Sebbene l’orizzonte delle collaborazioni per la ricerca si sia notevolmente esteso in questi ultimi anni, la relazione con gli USA resta il cardine delle collaborazioni internazionali dell’INFN. Su che cosa si fonda, a suo parere, questo rapporto privilegiato?

La cooperazione bilaterale fra Italia e Stati Uniti ha certamente trovato nel settore tecnico-scientifico, dal dopoguerra a oggi, un solido sostegno per una lunga e forte amicizia; una collaborazione che è stata meglio definita e incentivata dal primo accordo inter-governativo del 1988. Nel campo della fisica, in particolare, il proficuo scambio di know-how tra laboratori nazionali coinvolti in progetti comuni ha rafforzato negli anni - tra le relazioni internazionali dell’INFN - un rapporto di collaborazione privilegiato con gli USA. L’Ufficio Scientifico dell’Ambasciata di Washington lavora per facilitare queste relazioni, ospitando periodicamente riunioni fra il management dell'INFN e quello del DOE e della National Science Foundation (NSF) statunitense, realizzando convegni e seminari e sostenendo la preparazione di nuovi accordi. Con NSF stiamo ora cercando di estendere a una partnership internazionale progetti comuni con l’INFN. Per lo studio di segnali cosmici molto deboli o, come nel caso della materia oscura, di natura incerta, è diventata sempre più stringente la necessità di favorire la creazione di osservatori globali, con lo scambio di competenze ma anche la condivisione dei dati scientifici. A questo scopo, è in programma nelle prossime settimane l’approvazione di una lettera d’intenti tra INFN e NSF per la partecipazione congiunta a una Partnership for International Research and Education (PIRE) su linee di ricerca di interesse comune, tra le quali, proprio le ricerche sulla materia oscura e sulle onde gravitazionali. In quest’ultimo caso, in particolare, il programma mira a facilitare la condivisione dei dati e le prospettive di R&D congiunte tra le comunità di LIGO e Virgo per la preparazione degli interferometri di terza generazione.

Come si configura l’attuale strategia USA nel campo della fisica delle particelle?

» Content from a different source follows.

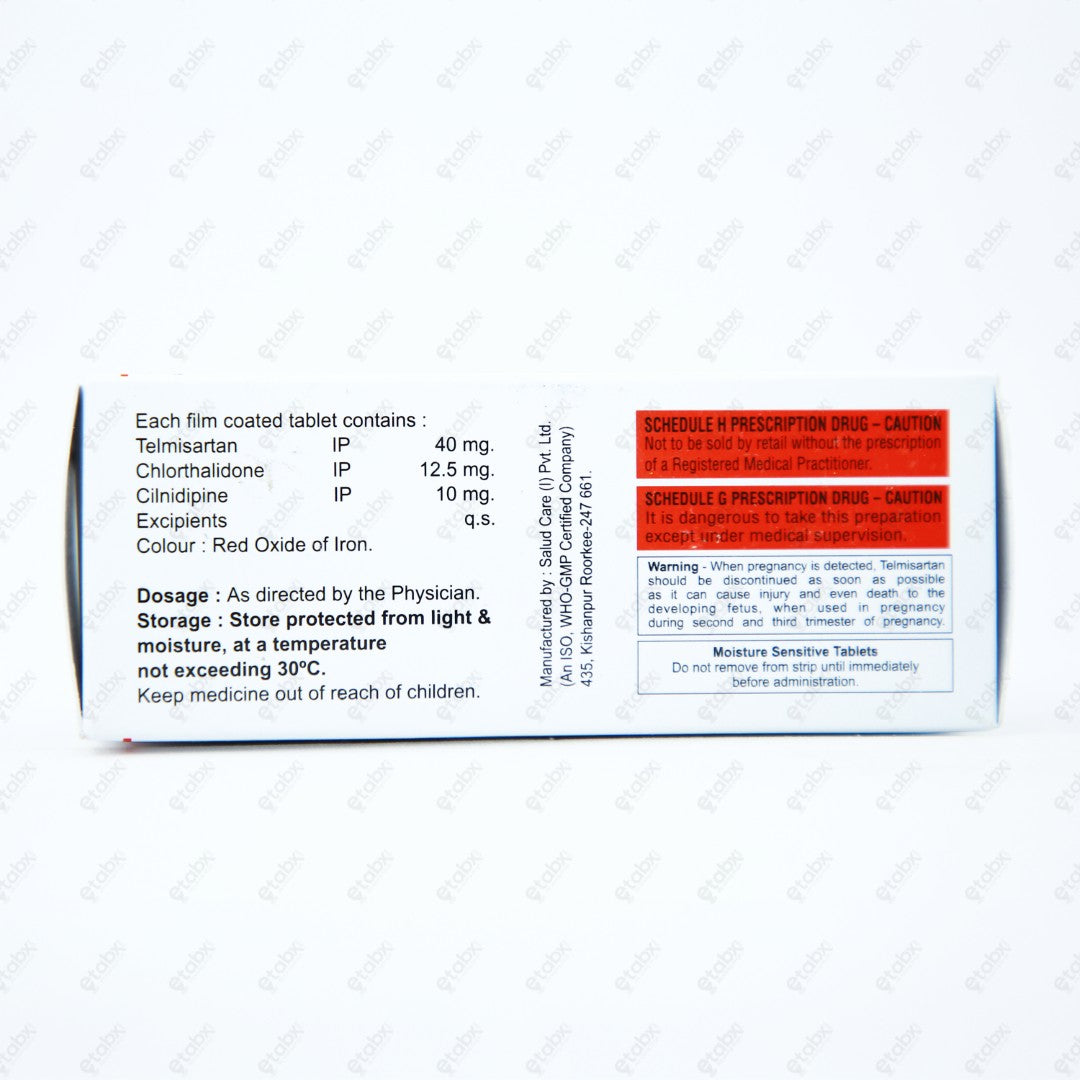 Aortel End 12.5mg Tablet 10's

Dopo la chiusura degli acceleratori PEP-II a SLAC (Stanford Linear Accelerator, ndr) e del Tevatron al Fermilab di Chicago e l’attrazione di molti fisici americani verso LHC al CERN, il rapporto P5 (Particle Physics Project Prioritization Panel), uscito nel maggio 2014, ha definito per i successivi dieci anni la strategia per mantenere negli USA una linea di ricerca di alta qualità ottimizzando gli investimenti. Alta priorità è stata data alla fisica dei neutrini e al rilancio del laboratorio Fermilab: sia con il fascio di neutrini della nuova Long-Baseline Neutrino Facility, indirizzato verso un laboratorio sotterraneo a Sanford, nel South Dakota, sia con due grandi esperimenti per lo studio dei muoni, Muon g-2 e Mu2e. L’INFN è presente in tutti questi progetti. A questo proposito, è significativa la dichiarazione resa al Senato USA durante una testimonianza sul rapporto P5 dal direttore di Fermilab, Nigel Lockyer, secondo la quale “l’Italia rappresenta il suo più importante partner internazionale”.

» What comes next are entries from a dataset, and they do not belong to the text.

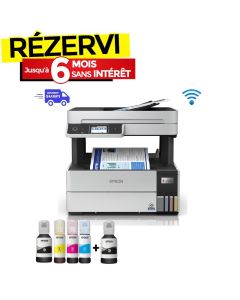 Imprimante à Réservoir intégré EPSON ECOTANK L6490 4en1 Couleur Wifi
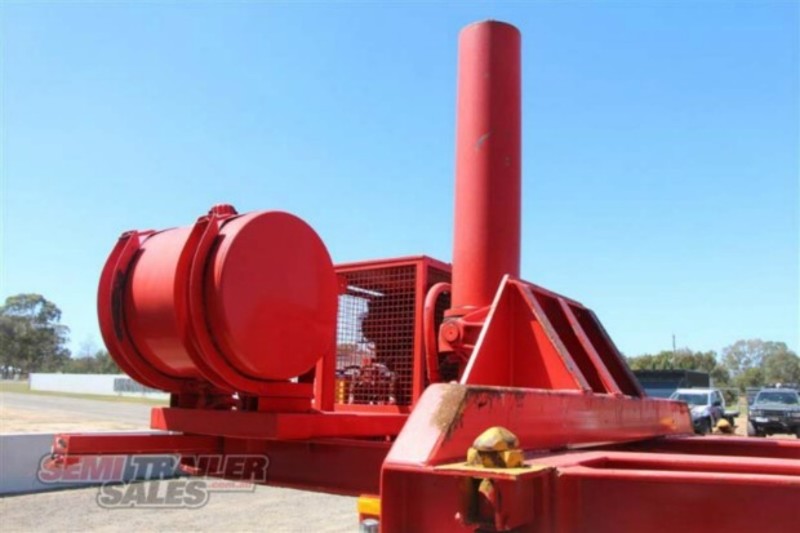 2004 MOORE Retractable Tipping Skel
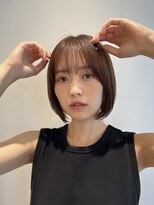 クオン 伊勢崎(QUON.)&nbsp;ぷつっとボブ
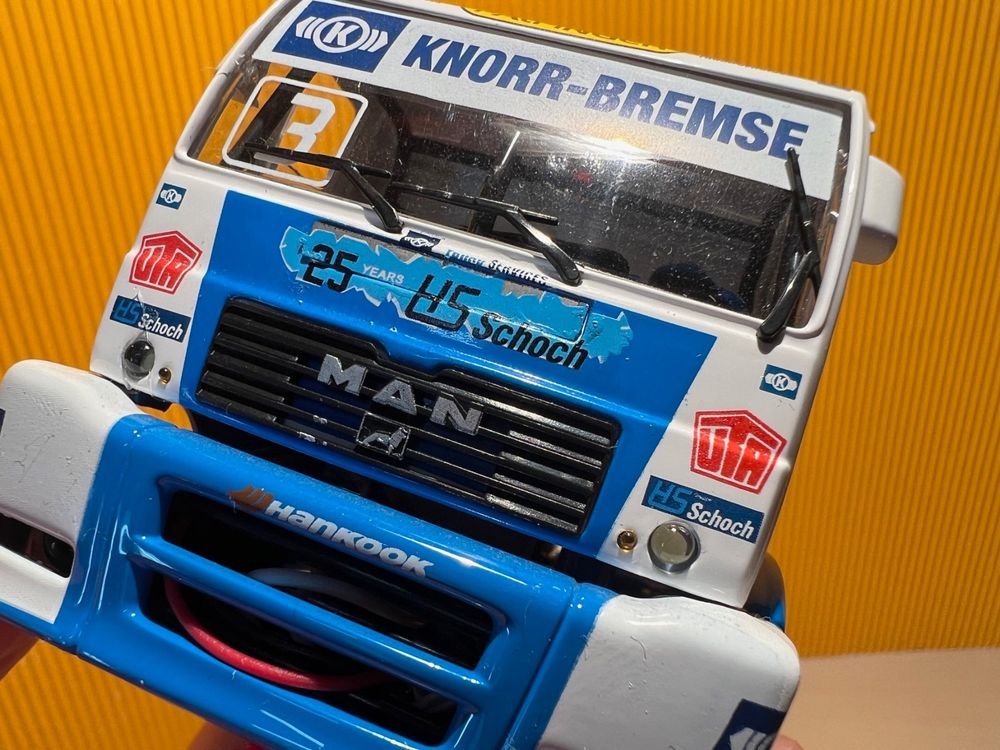 Man race truck TCH - Conrad 6000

Quali sono secondo lei le peculiarità dei sistemi di ricerca italiano e statunitense? Quali i vantaggi che i due paesi possono trarre dallo scambio di competenze?

Fra le più evidenti differenze direi che la ricerca negli USA riceve contributi dal settore privato percentualmente molto maggiori della ricerca in Italia. Le università statunitensi hanno un ruolo fondamentale nella ricerca e il trasferimento tecnologico è strettamente correlato ai loro progetti. Infine, sono molte le opportunità per i giovani ricercatori. Nonostante le critiche, credo che la formazione educativa offerta dalle università italiane sia ottima, a costi molto bassi rispetto agli USA. È un peccato che negli ultimi anni le prospettive per i giovani laureati o dottorati si siano così ristrette, ma forse qualcosa sta cambiando. La ricerca nella fisica delle particelle è sempre rimasta un fiore all’occhiello dell’Italia, nonostante i fondi limitati. Un po’ di osmosi delle cose positive dei sistemi di ricerca dei due paesi sarebbe auspicabile. In particolare, una maggiore sinergia tra le agenzie di ricerca è ormai indispensabile, per condividere le reciproche competenze allo scopo di ottimizzare gli investimenti. La strategia comune dovrà permettere di cogliere le migliori opportunità con le risorse disponibili che sono oggi limitate, più di quanto non fosse in passato, in entrambi i paesi.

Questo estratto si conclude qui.